# Cordless Drill



## Jeannie (Oct 26, 2006)

Okay folks I need your help. DH said the only thing he wants or needs for Christmas is something for the camper. The only thing I can think of that he has been wanting is a cordless drill for lowering and raising the leveling jacks. He is too frugal with his money







to buy such a tool so I am taking the hint. Any suggestions for a reliable brand and model?

Thanks,


----------



## PhilnKat (May 16, 2007)

Jeannie said:


> Okay folks I need your help. DH said the only thing he wants or needs for Christmas is something for the camper. The only thing I can think of that he has been wanting is a cordless drill for lowering and raising the leveling jacks. He is too frugal with his money
> 
> 
> 
> ...


Well, i dont know your budget, but if you were buying a cordless drill for me, i would be hoping for a dewalt 18 volt. (hope my wife reads this)-Phil


----------



## battalionchief3 (Jun 27, 2006)

I have a craftsman 19.2 volt drill and I like it. Dewalt is good or Miketa (sp?) A combo pack with an extra batt or LED light combo would make me happy.


----------



## fspieg (Jul 31, 2006)

Don't know what price range you are looking at but I have both a 14 v Dewalt and a 18v Ridgid. They are both good drills. I take the Dewalt traveling and save the Ridged for the really serious stuff. http://www.ridgid.com/Tools/Battery-Powere...ls/EN/index.htm


----------



## Y-Guy (Jan 30, 2004)

Don't bother with the Skill or Black & Decker type. I've had a one of each in the past few years and IMHO they are junk. Spend the money on something like a DeWalt or Makita.


----------



## s'more (Jun 8, 2005)

I use a cordless drill nearly every day at my work. A few years ago, purchased the 18 volt Ryobi at Home Depot in a multi-tool set for a really good price. It lasted almost 2 years. When it finally gave up the ghost, I replaced it with another 18 volt Ryobi, that one only lasted 6 months. I thought it was a fluke, so I purchased a third Ryobi 18 volt, it lasted less than 6 months. No more Ryobi for me!
I spent a little more money (a tax write off) and purchased the Ridgid 18 volt. Love it. Lifetime warranty, even on the battery. It's heavier than most, but maybe extra weight means extra quality (we all know that's not true in RV's).
Panasonic is supposed to be very good also, but I have never owned one personally.

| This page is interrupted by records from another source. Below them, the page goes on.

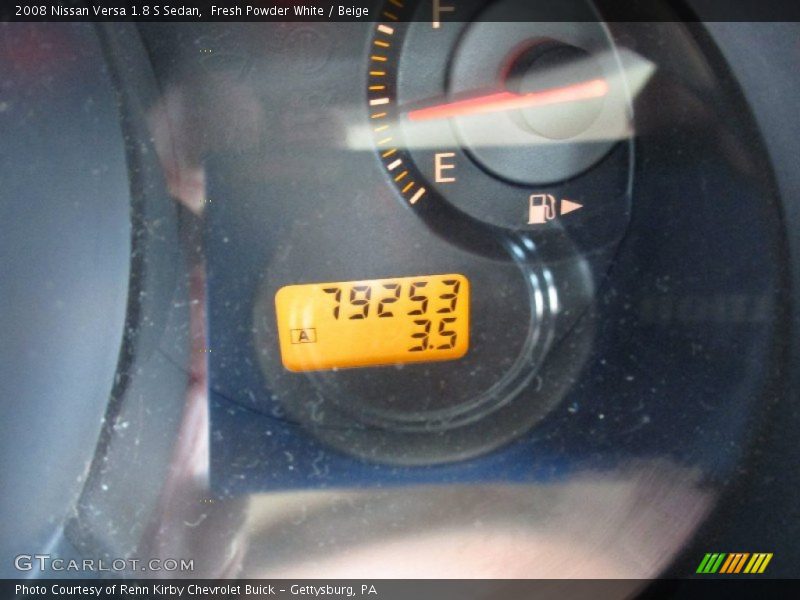 Fresh Powder White / Beige 2008 Nissan Versa 1.8 S Sedan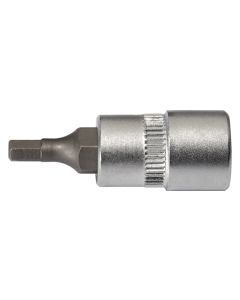 Llave vaso 1/4 punta hexagonal 05mm tecwerk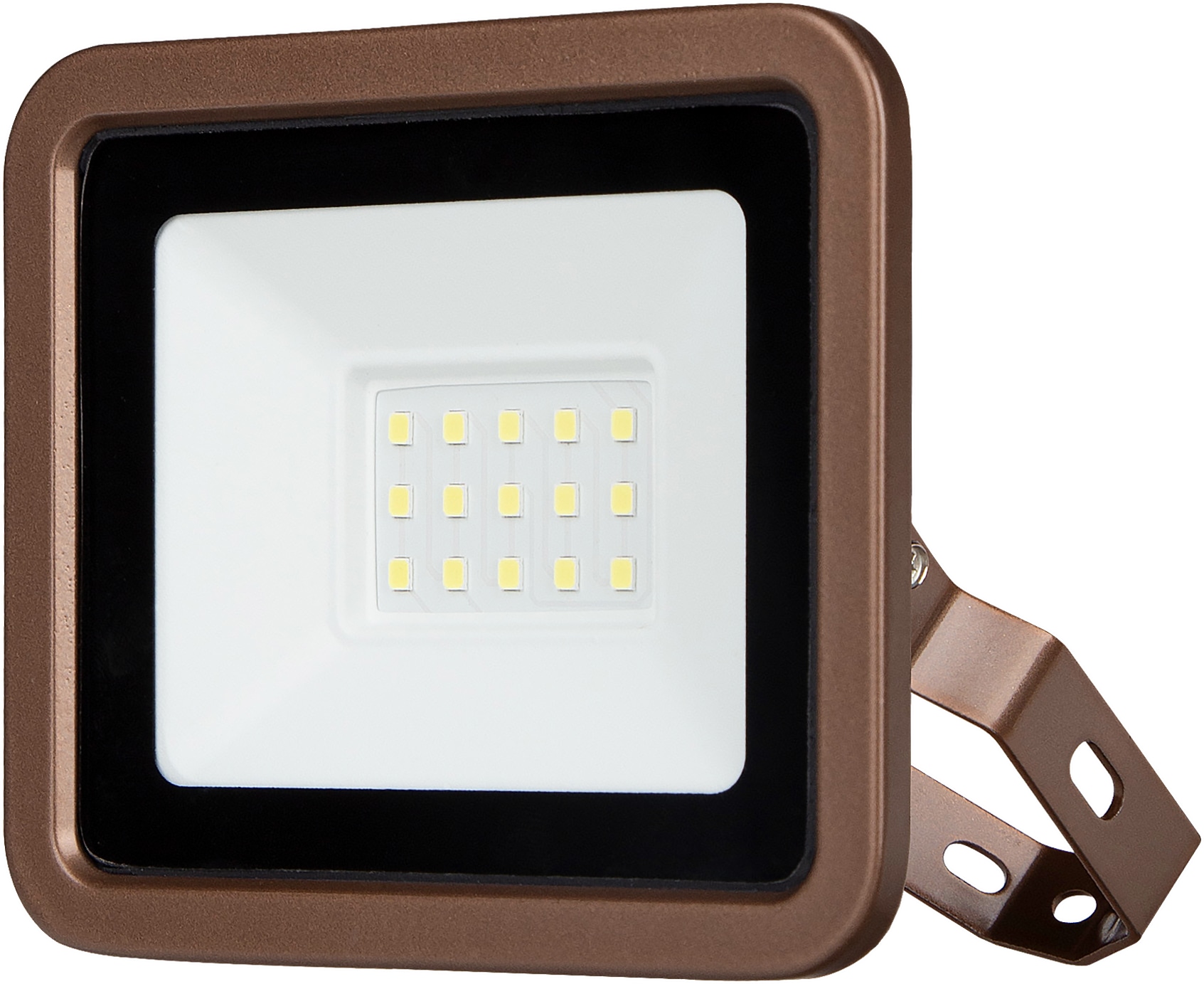 REV LED-Fluter Eco+, 10W, 6500K, 800lm, kaltweiß, IP65, bronze REV LED-Fluter Eco+, 10W, 6500K, 800lm, kaltweiß, IP65, bronze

These are not at the lower end of the price spectrum, but I'm sure he'd be happy with any of the Ridgid, Panasonic, DeWalt, or Makita products.

Good Luck


----------



## Jeannie (Oct 26, 2006)

Thanks everyone for the great advice. I would rather buy a good piece of equipment one time than some junk that gets replaced several times. An extra battery and led light are good suggestions too. And since camping season is done for now the DH might want to try out his Christmas present and hang some cabinets in the laundry room.







Yes mods for the home without wheels! That doesn't happen often.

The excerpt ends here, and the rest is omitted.